How to use large image-text datasets in hugging face hub without downloading for free

I am wondering if there is a way one can use a large image-text dataset available in the huggingface hub (see below) without downloading (and for free) it for pertaining transformers. Also, Let me know how to use it if one could do that.

CC3M: conceptual_captions · Datasets at Hugging Face
LAION2B-en: laion/laion2B-en · Datasets at Hugging Face

Hi!

You can use streaming to avoid downloading the datasets locally. There are the calls:

  • load_dataset("conceptual_captions", streaming=True)
  • load_dataset("laion/laion2B-en", streaming=True)

This is, of course, free :smile:. You can find more info on streaming here.

The map method’s fn_kwargs is not working with streaming=True, but it works otherwise.
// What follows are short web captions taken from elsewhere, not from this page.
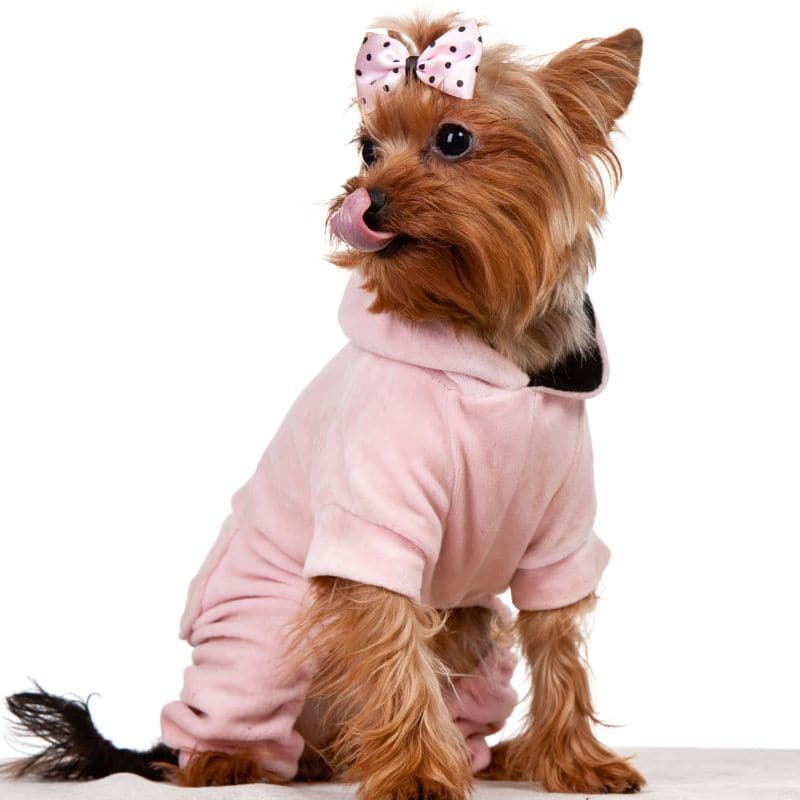 allergies in yorkies yorkies gram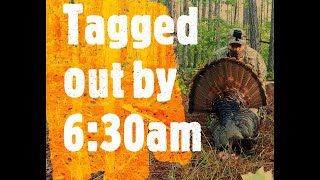 Turkey Hunt Tagged Out Last Day by 6:30am Live Fast Action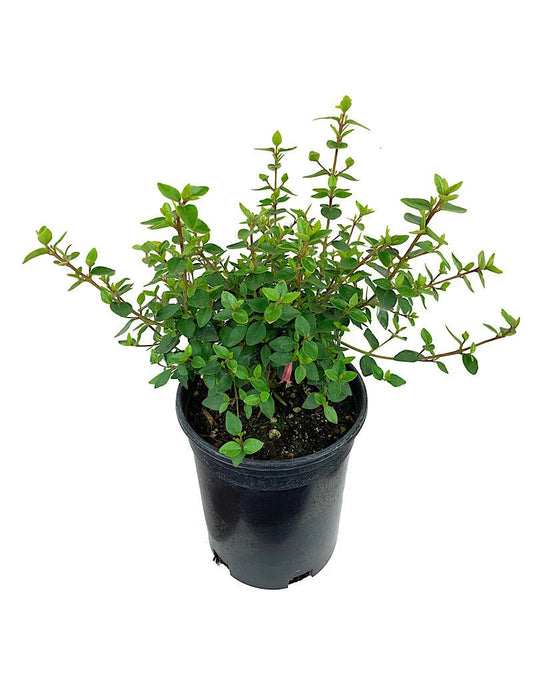 Correa 'Dusky Bells' - The Garden Corner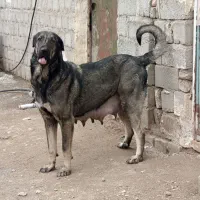 واگذاری پژدر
Here is the my implementation

 USER_AGENT = get_datasets_user_agent()

    def fetch_single_image(image_url, timeout=None, retries=0):
        for _ in range(retries + 1):
            try:
                request = urllib.request.Request(
                    image_url,
                    data=None,
                    headers={"user-agent": USER_AGENT},
                )
                with urllib.request.urlopen(request, timeout=timeout) as req:
                    image = PIL.Image.open(io.BytesIO(req.read()))
                break
            except Exception:
                image = None
        return image

    def fetch_images(batch, num_threads, timeout=None, retries=0):
        fetch_single_image_with_args = partial(fetch_single_image, timeout=timeout, retries=retries)
        with ThreadPoolExecutor(max_workers=num_threads) as executor:
            batch["image"] = list(executor.map(fetch_single_image_with_args, batch["image_url"]))
        return batch

    num_threads = 20
    dset = load_dataset("conceptual_captions", split='train', streaming=True)
    # dset = dset.map(fetch_images, batched=True, batch_size=32)
    dset = dset.map(fetch_images, batched=True, batch_size=32, fn_kwargs={"num_threads": num_threads})
    print(next(iter(dset)))

Here is the error

Hi again! Currently, fn_kwargs is not supported as a param in map in the streaming mode. I’ll open a PR to fix that.

Hi @mariosasko Thank you for helping me out here. Could you please cc me on the PR request so that I may know when it is done and start using the feature? Thank you again.

This is the link to the PR: Add `fn_kwargs` param to `IterableDataset.map` by mariosasko · Pull Request #4975 · huggingface/datasets · GitHub. It will be included in the next release of datasets, which is planned for this week.

1 Like

It is possible with the code provided in this thread. However, it is very slow to do so on-the-fly. I think you will have to download those datasets to ensure a high GPU utilization rate.